Premier Class (450’s)
The deep rumble, the big boy jumps and the pinnacle of the sport are the characteristics of the Premier class in Monster Energy Supercross. The incredible thing of the Premier class is how anyone can win a main event, from “The Diesel” Ryan Dungey, to the German rocket Ken Roczen to the Colorado Native Eli Tomac, and many more, the opportunity to crack a whip off that finish line table and throw up a fist is anyone’s to grab at the end of the day, even though Anaheim’s results provided otherwise. The first heat was pretty predictable with Monster Energy/Kawasaki rider Eli Tomac marching to the front and holding it. Three seconds behind him Blake Bagget on his new Rocky Mountain ATV/MC/KTM looked comfortable as he finished in second. Then veteran Chad Reed showed up once again to round out the top three, so retirement does not appear near for the Monster Energy/Yamaha rider. This first heat also provided the people with a glimpse at Dean Wilson and his new privateer ride. Deano, based out of his father’s sprinter, snagged an 8th place in the heat, but was able to sneak his way into the main with a 4th Place in the Semi. Probably warranting a ride, but it’s the silly season of ‘seventeen.
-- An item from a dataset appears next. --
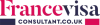 logo-1.png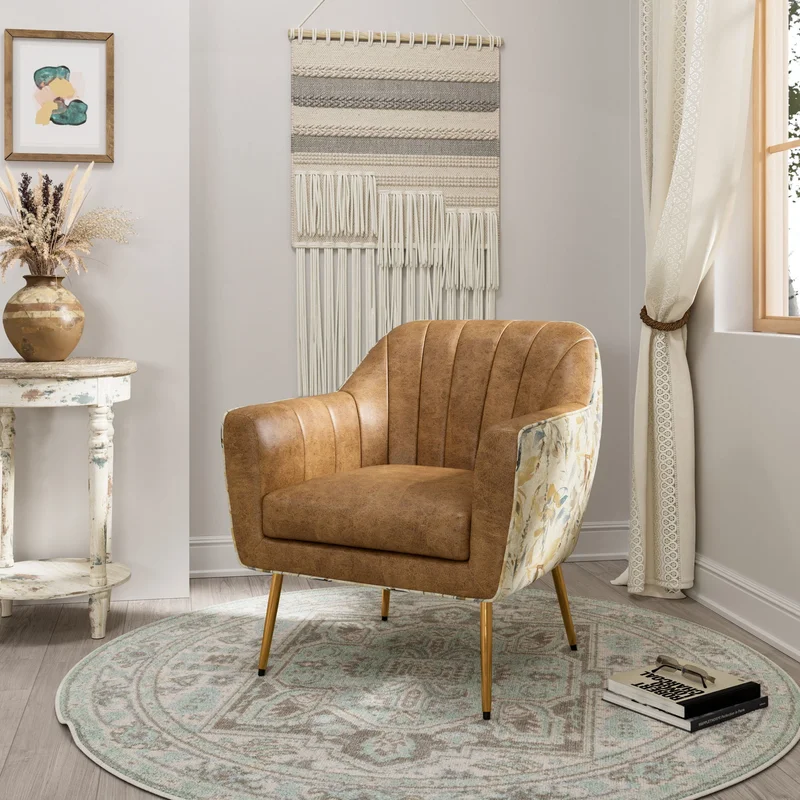 dreameehome12350822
The second 450 heat of the first round had a tremendous amount of consequences circling it. Not only did it have Ken Roczen on his new critically-acclaimed Honda, but it had his rival and 3-time Supercross champion Ryan Dungey. Then to throw an even more exciting mix together, the freaky fast Frenchman Marvin Musquin was tossed in the heat ready to prove his speed and skill that was showcased last year has improved even more. To no one’s surprise, Ken Roczen shot out of the gate to first place and stayed there for the entirety of the heat. What was surprising though, was the severity of his dominance over second place Factory KTM rider Ryan Dungey and teammate Marvin Musquin as they finished the podium in that order.
After the Semi’s and LCQ, the main event arrived and everyone moved to the edge of their couches and the gate dropped and the battle for the first points of the season began. Ken Roczen cashed the check that his off season has written and then some. His confidence and swagger were abundant as he pulled the holeshot and left the next fastest rider 16 seconds behind him. To no surprise, Ryan Dungey put in an effortless ride for second as he is the podium master. His teammate, Marvin Musquin, battled back from a poor start to third creating an orange deja vu from last Supercross season. Jason Anderson on his Rockstar/ Husqvarna kept the rubber down to enjoy a fourth place followed by Eli Tomac who suffered arm pump midway through the race forcing him to drop from 2nd to 5th. Which is quite ironic because the “Supercross Science” segment was him and his mountain biking legend father talking about arm pump.
While Anaheim was a night marked by dominance, it is the first round of the seies and like so many riders mentioned in the post-race interview, everyone learned a lot from the night. So the only thing that is a shoe-in for this championship is anything is possible. After all, there’s 16 more round left, many stadiums to travel to, many gates to be dropped, and many moments of racing spectacles to be witnessed. Supercross stands out from the rest of the athletic field because of the volatile and dynamic nature of the sport. Even the best racer can be taken by the simplest track, so expect anything. From everyone at Elevated MX, see you at San Diego.